WORK TASK: The line with "NIU N320 by Fran Silvestre Arquitectos" marks where to begin; print it and all lines after it in the material below exactly, skipping pictures.

EXTRACTED MATERIAL:

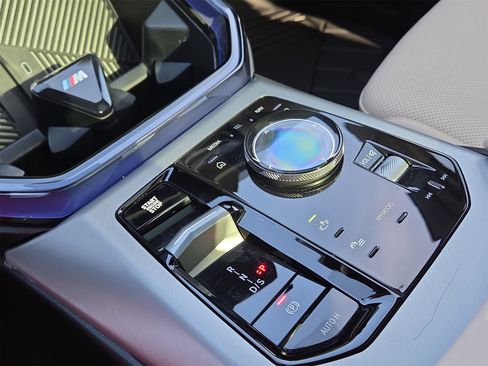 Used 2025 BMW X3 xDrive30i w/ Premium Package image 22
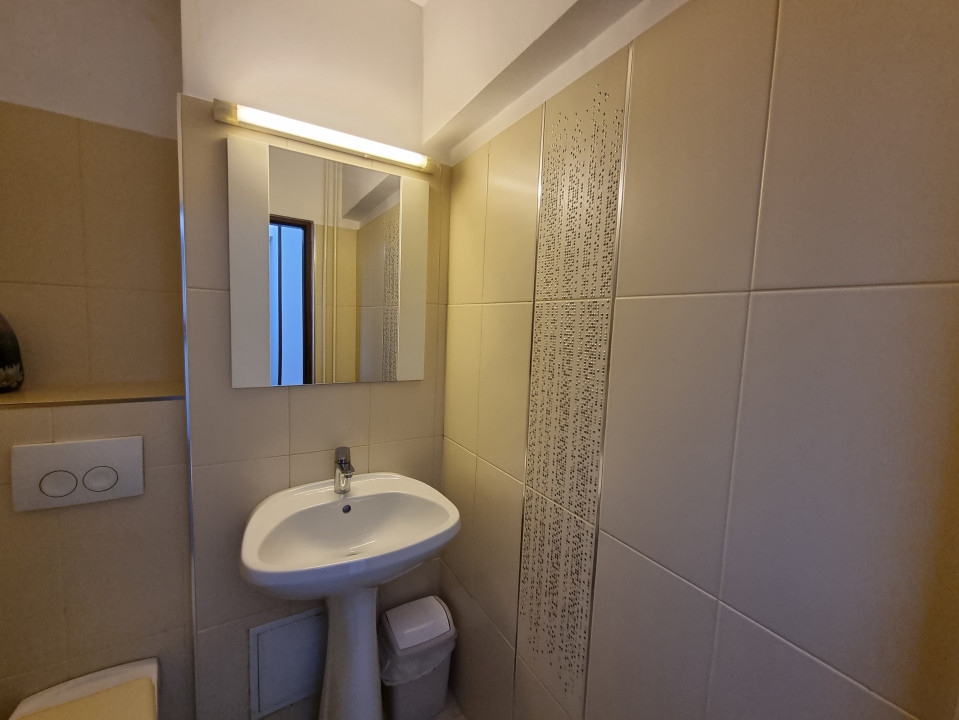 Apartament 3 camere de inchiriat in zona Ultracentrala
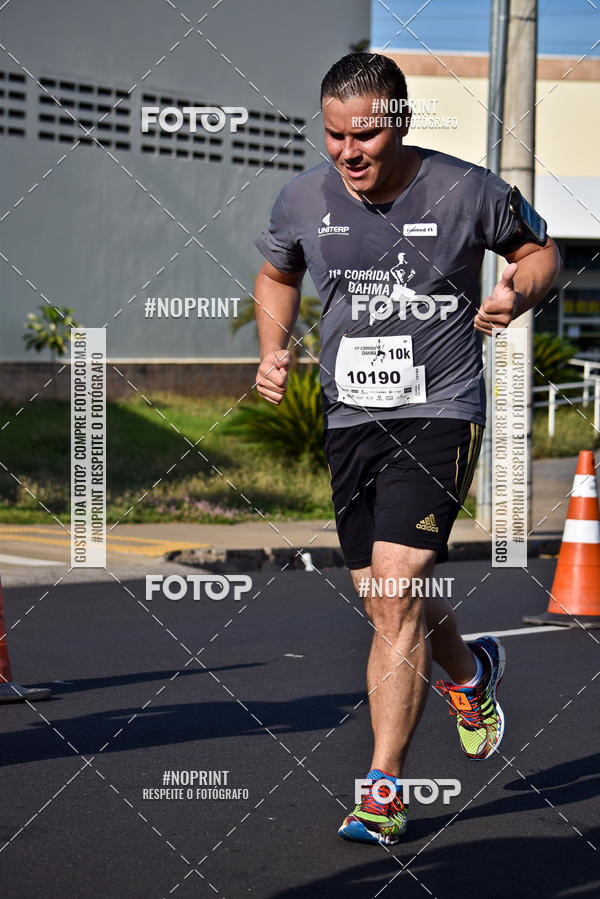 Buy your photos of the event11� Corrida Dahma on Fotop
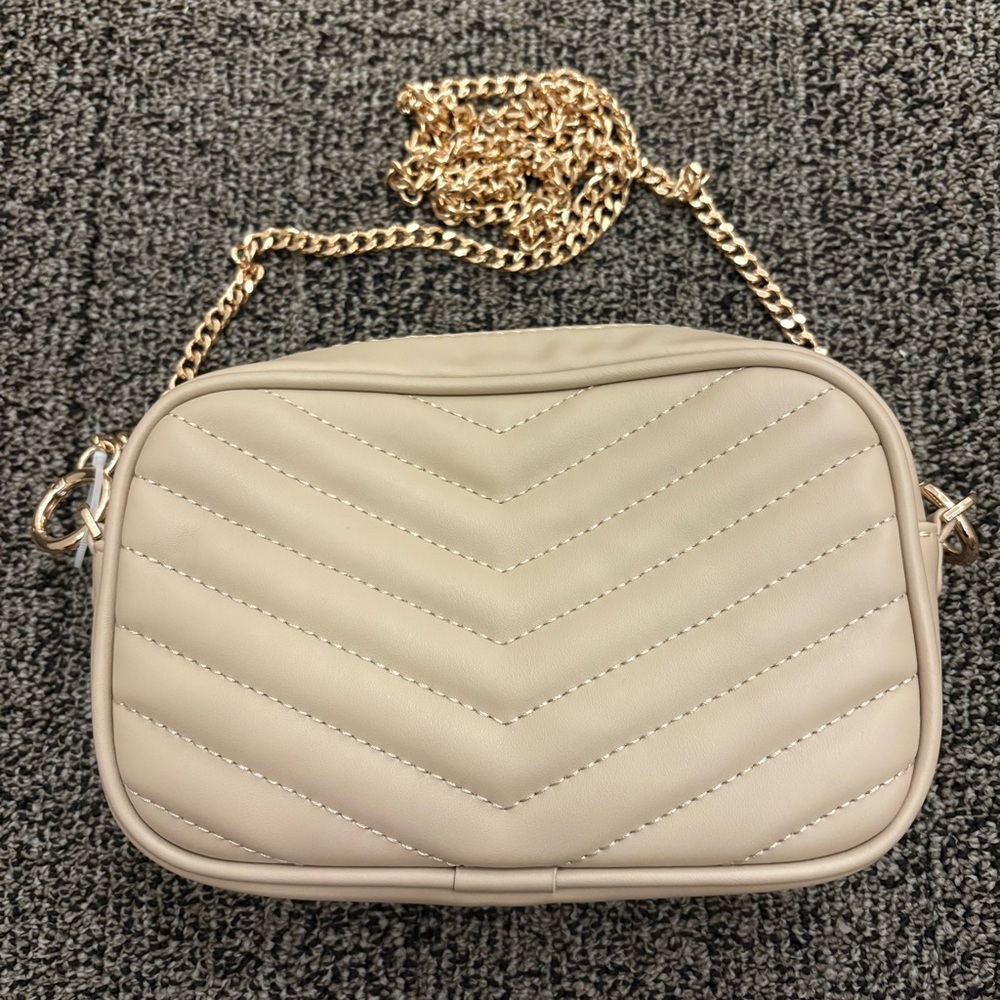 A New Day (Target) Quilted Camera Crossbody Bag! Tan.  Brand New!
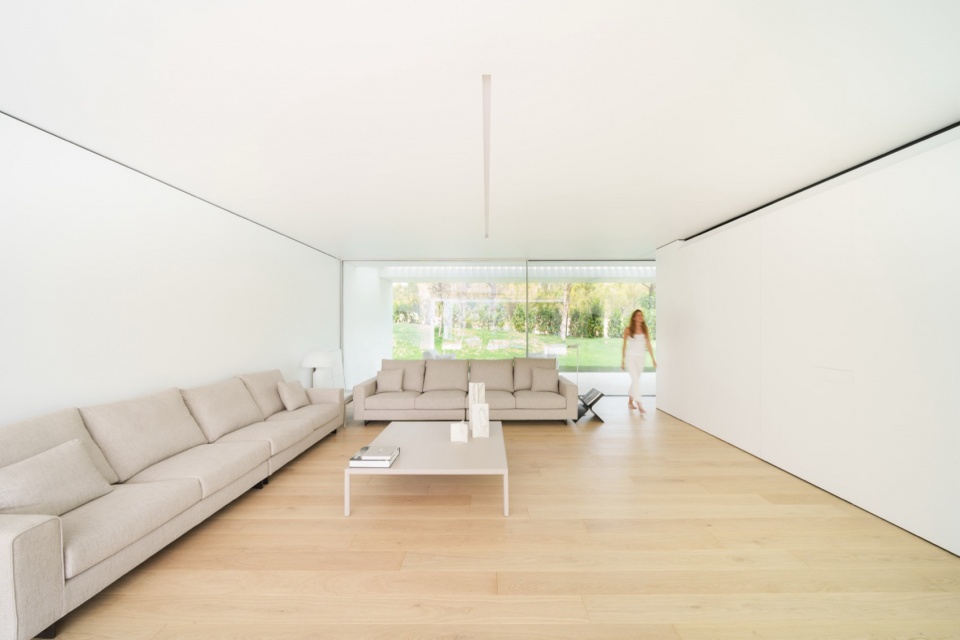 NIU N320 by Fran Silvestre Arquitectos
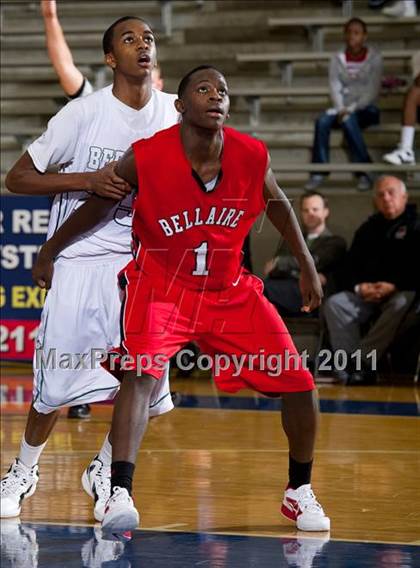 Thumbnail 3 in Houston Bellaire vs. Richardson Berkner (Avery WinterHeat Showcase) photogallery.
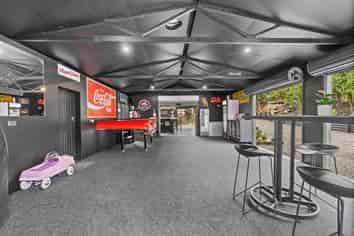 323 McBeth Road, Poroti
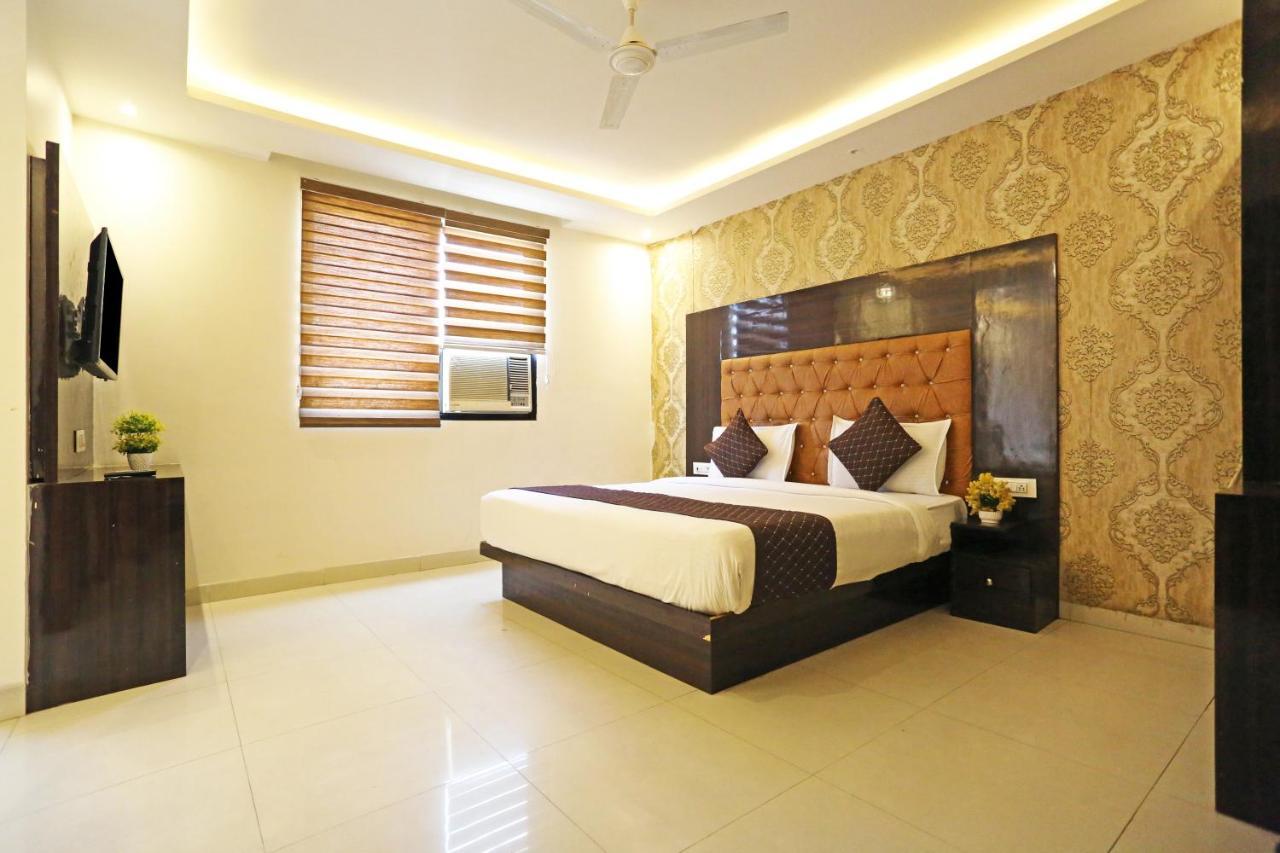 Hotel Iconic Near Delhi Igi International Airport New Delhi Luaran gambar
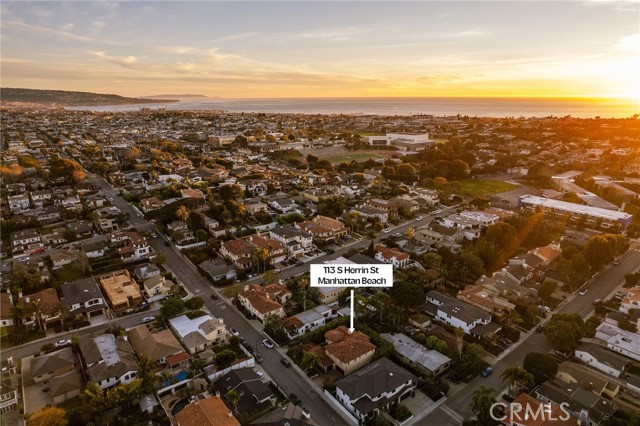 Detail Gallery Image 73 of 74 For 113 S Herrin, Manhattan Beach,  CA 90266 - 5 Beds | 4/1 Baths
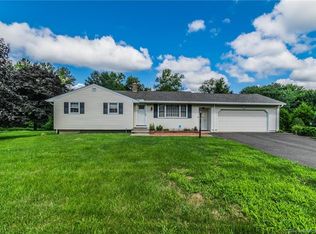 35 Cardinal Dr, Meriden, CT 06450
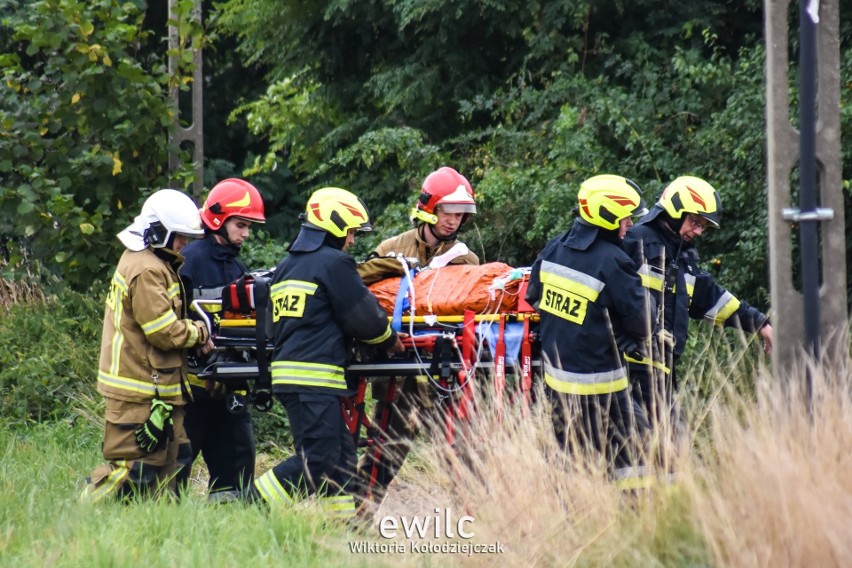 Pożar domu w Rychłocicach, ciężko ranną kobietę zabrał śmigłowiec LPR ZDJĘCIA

RESPONSE:
 NIU N320 by Fran Silvestre Arquitectos
 Thumbnail 3 in Houston Bellaire vs. Richardson Berkner (Avery WinterHeat Showcase) photogallery.
 323 McBeth Road, Poroti
 Hotel Iconic Near Delhi Igi International Airport New Delhi Luaran gambar
 Detail Gallery Image 73 of 74 For 113 S Herrin, Manhattan Beach,  CA 90266 - 5 Beds | 4/1 Baths
 35 Cardinal Dr, Meriden, CT 06450
 Pożar domu w Rychłocicach, ciężko ranną kobietę zabrał śmigłowiec LPR ZDJĘCIA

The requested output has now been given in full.